### TASK GOAL
An exact transcription of the lines from the one holding "Best Western Premier" to the end of the entries below, and nothing more, is the required answer. Please omit the pictures.

(Beginning of DATASET ENTRIES)

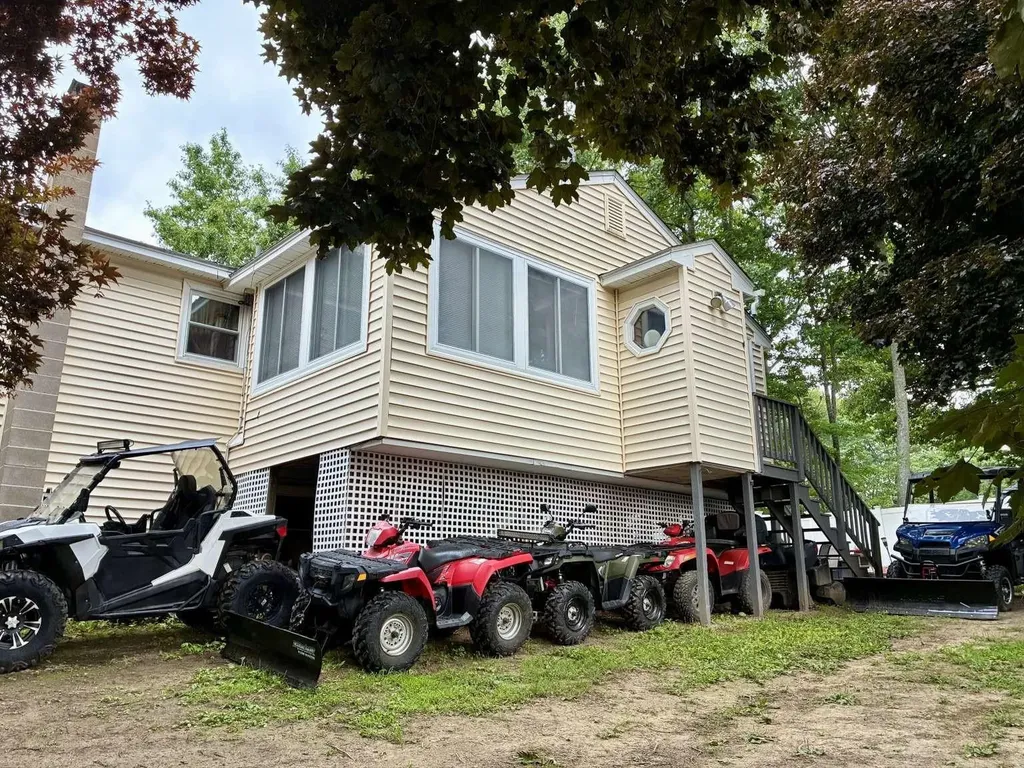421 Pleasant Street Laconia NH 03246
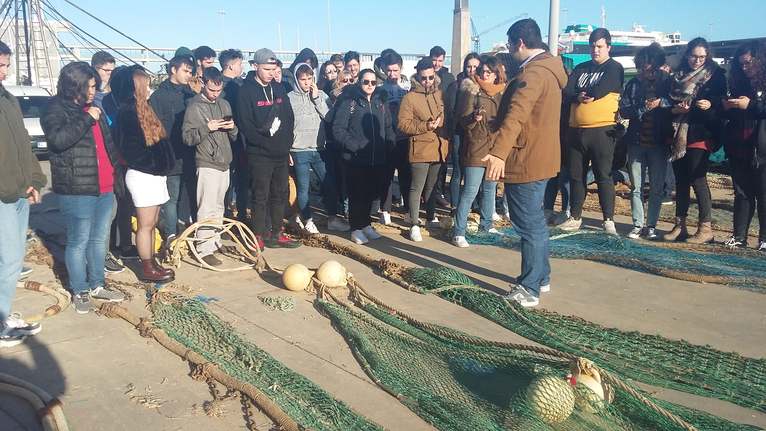 Alumnado del grado de Gastronomía de la Universitat d'Alacant aprende con la cocina y lo...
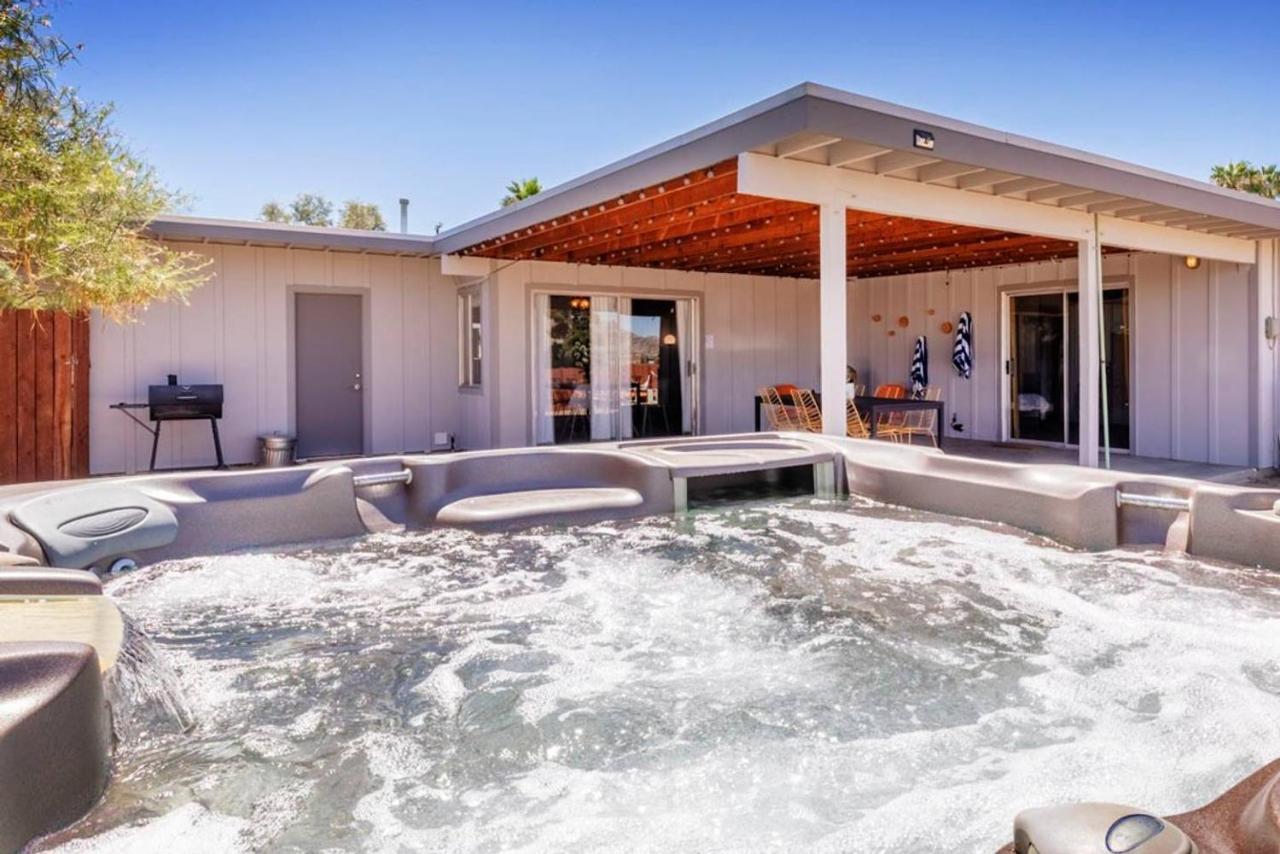Made In The Shade - Central, Hot Tub, Ac, Sleeps 8 Joshua Tree Exterior photo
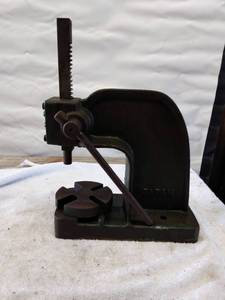 lot 5559 image: press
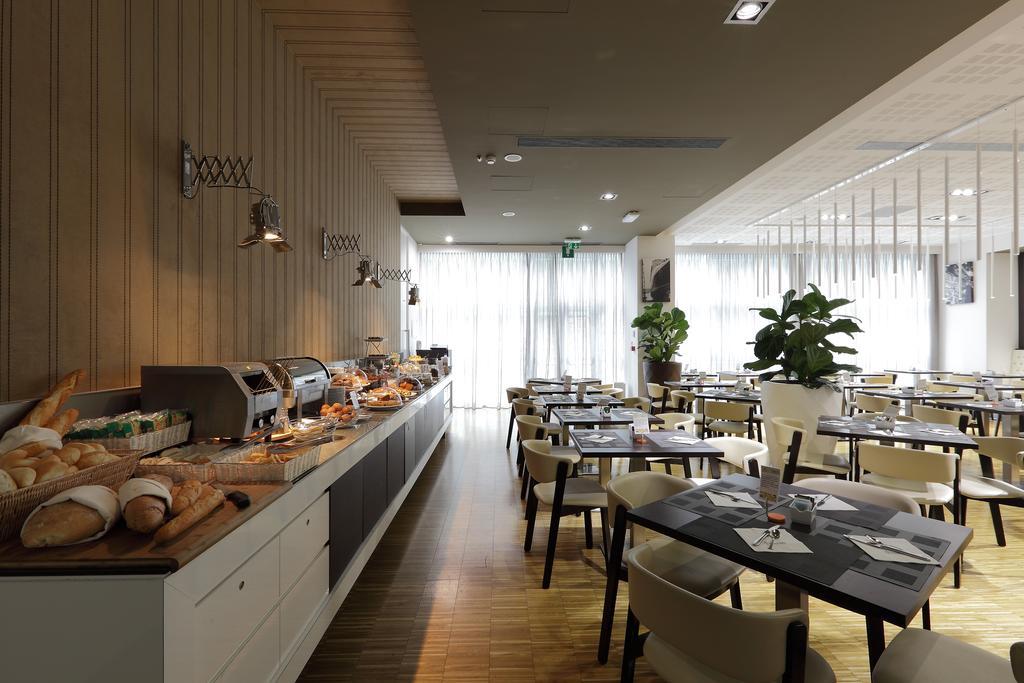 Best Western Premier Chc Airport Genoa Ngoại thất bức ảnh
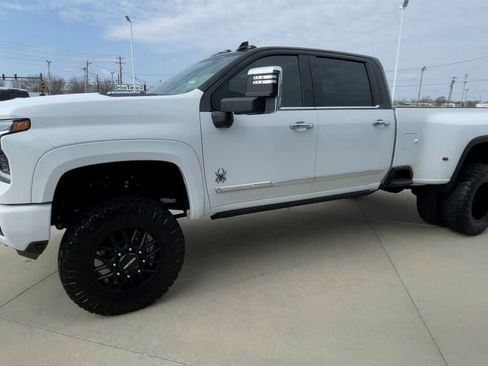 New 2026 Chevrolet Silverado 3500 High Country w/ High Country Premium Package AWD/4WD image 6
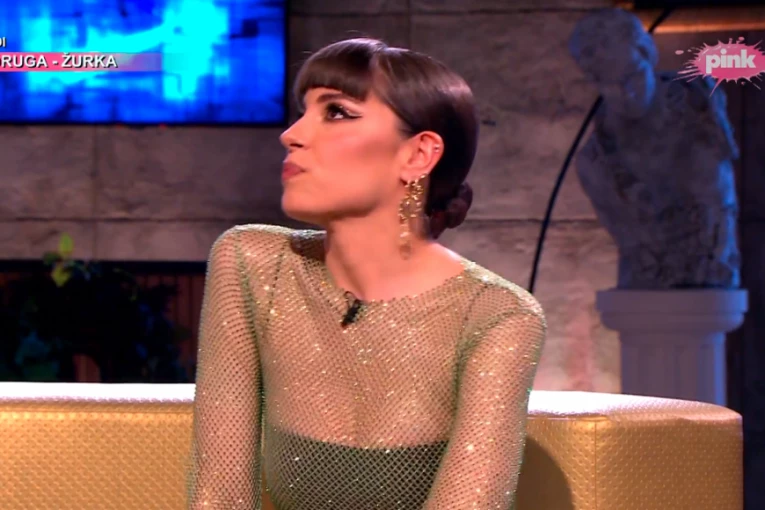 SARA JO SVA U KRVI I KO OD MAJKE ROĐENA! Fanovi zaprepašćeni, ređaju se komentari, ne zna se šta je šokantnije!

(End of DATASET ENTRIES)

### WRITTEN ANSWER
 Best Western Premier Chc Airport Genoa Ngoại thất bức ảnh
 New 2026 Chevrolet Silverado 3500 High Country w/ High Country Premium Package AWD/4WD image 6
 SARA JO SVA U KRVI I KO OD MAJKE ROĐENA! Fanovi zaprepašćeni, ređaju se komentari, ne zna se šta je šokantnije!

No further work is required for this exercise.